======== SOURCE MATERIAL
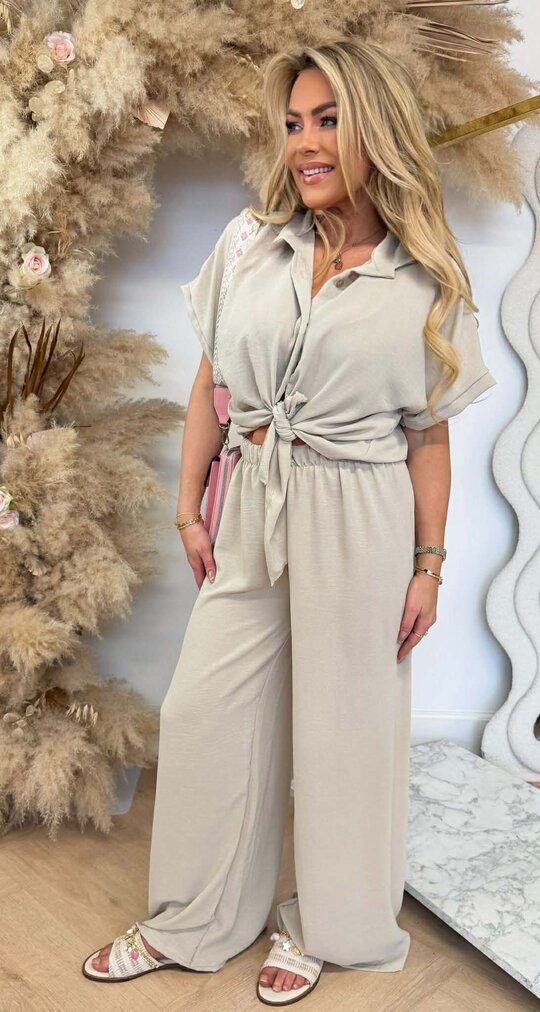 SIMPLE CLASSY CO-ORD SET BEIGE SIMPLE CLASSY CO-ORD SET BEIGE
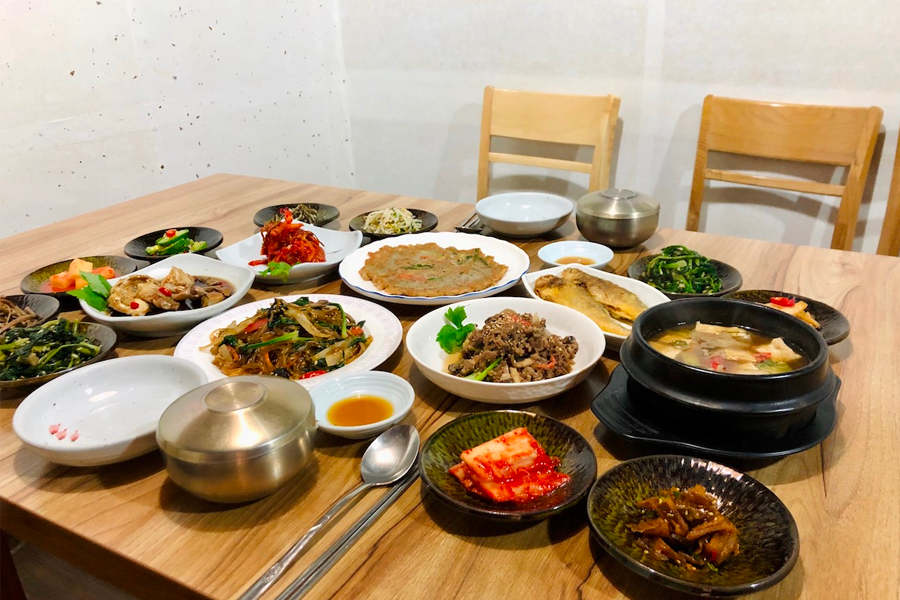 一桌豐盛的韓定食套餐，含有各式各樣的傳統韓式飲食小菜。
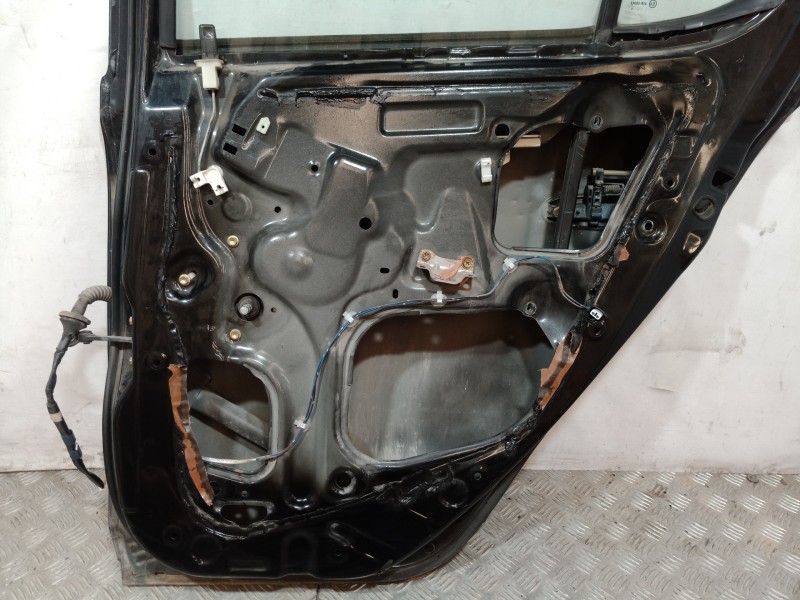 Recambio de puerta trasera derecha para toyota yaris (ncp1/nlp1/scp1) 1.0 linea luna referencia OEM IAM   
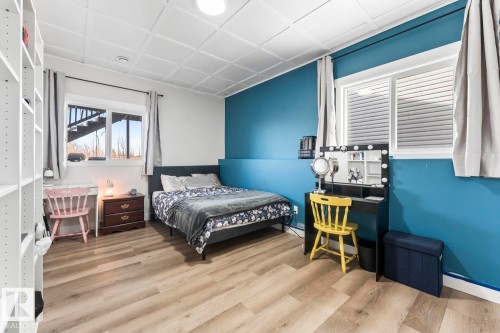 5706 Meadow Way, Cold Lake, AB - Indoor Photo Showing Bedroom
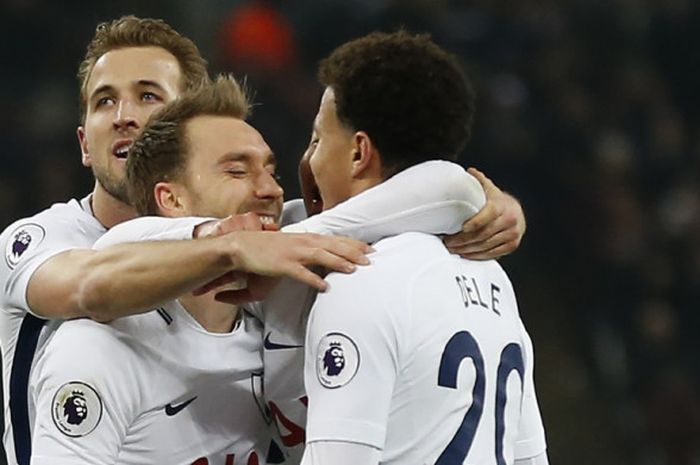 Gelandang Tottenham Hotspur, Christian Eriksen (tengah), merayakan gol yang dia cetak ke gawang Everton dalam laga Liga Inggris di Stadion Wembley, London, pada 13 Januari 2018.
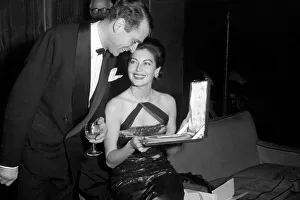 National film awards 1953 - Ava Gardner showing Sir Laurence Olivier the plaque she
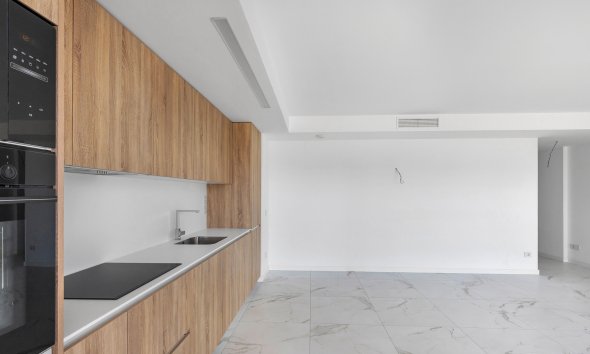 Resale - Apartament / Duplex - Torrevieja - Punta Prima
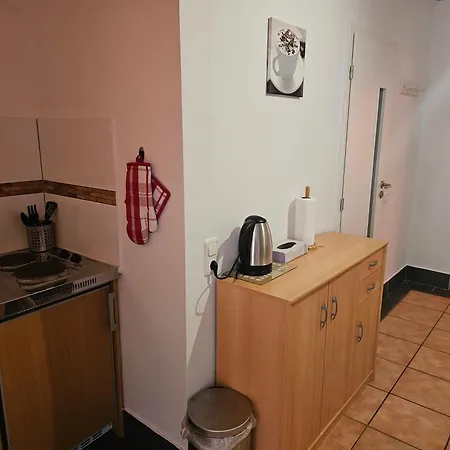 Apartment 200qm Work And 4 Schlafzimmer Jedes Mit Eigenem Badezimmer, Neu Modernisiert *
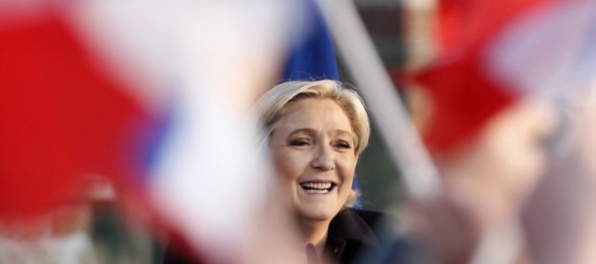 Le Penová ešte prisľúbila “zjednotenie národa” a vo Francúzsku sa začalo moratórium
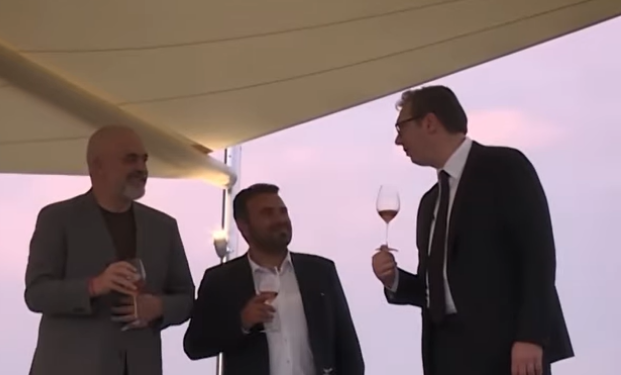 VIDEO/ Vuçiç pi verë me Ramën dhe Zaev, bisedojnë për “Ballkanin e Hapur”: Ka të ardhme vucic rama zaev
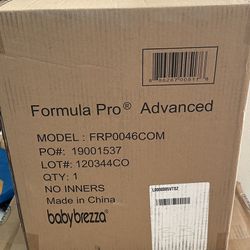 New baby Brezza Formula Pro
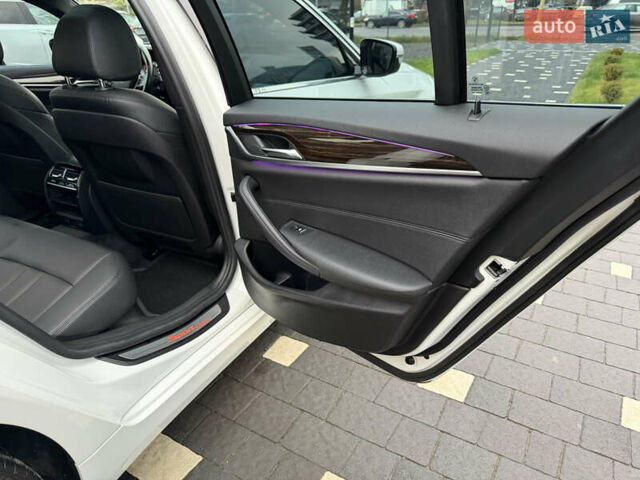 Білий БМВ 5 Серія, об'ємом двигуна 2 л та пробігом 74 тис. км за 26500 $, фото 31 на Automoto.ua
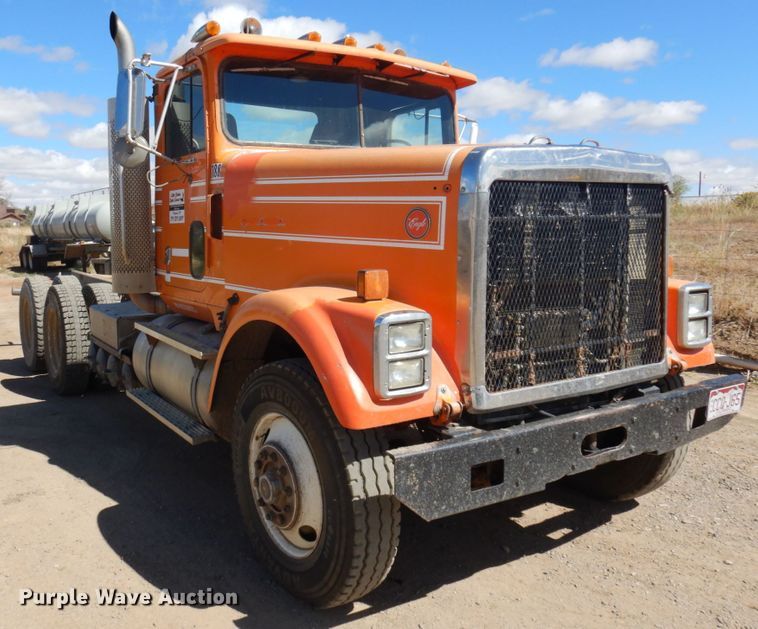 image for item JZ9846 1992 International 9300  truck cab and chassis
================
▶ [EXERCISE OBJECTIVE]
What you set down should be exactly the lines from the line containing "5706 Meadow Way, Cold" to the last line of the entries above, both included, with no pictures.

▶ [SOLVED EXERCISE]
 5706 Meadow Way, Cold Lake, AB - Indoor Photo Showing Bedroom
 Gelandang Tottenham Hotspur, Christian Eriksen (tengah), merayakan gol yang dia cetak ke gawang Everton dalam laga Liga Inggris di Stadion Wembley, London, pada 13 Januari 2018.
 National film awards 1953 - Ava Gardner showing Sir Laurence Olivier the plaque she
 Resale - Apartament / Duplex - Torrevieja - Punta Prima
 Apartment 200qm Work And 4 Schlafzimmer Jedes Mit Eigenem Badezimmer, Neu Modernisiert *
 Le Penová ešte prisľúbila “zjednotenie národa” a vo Francúzsku sa začalo moratórium
 VIDEO/ Vuçiç pi verë me Ramën dhe Zaev, bisedojnë për “Ballkanin e Hapur”: Ka të ardhme vucic rama zaev
 New baby Brezza Formula Pro
 Білий БМВ 5 Серія, об'ємом двигуна 2 л та пробігом 74 тис. км за 26500 $, фото 31 на Automoto.ua
 image for item JZ9846 1992 International 9300  truck cab and chassis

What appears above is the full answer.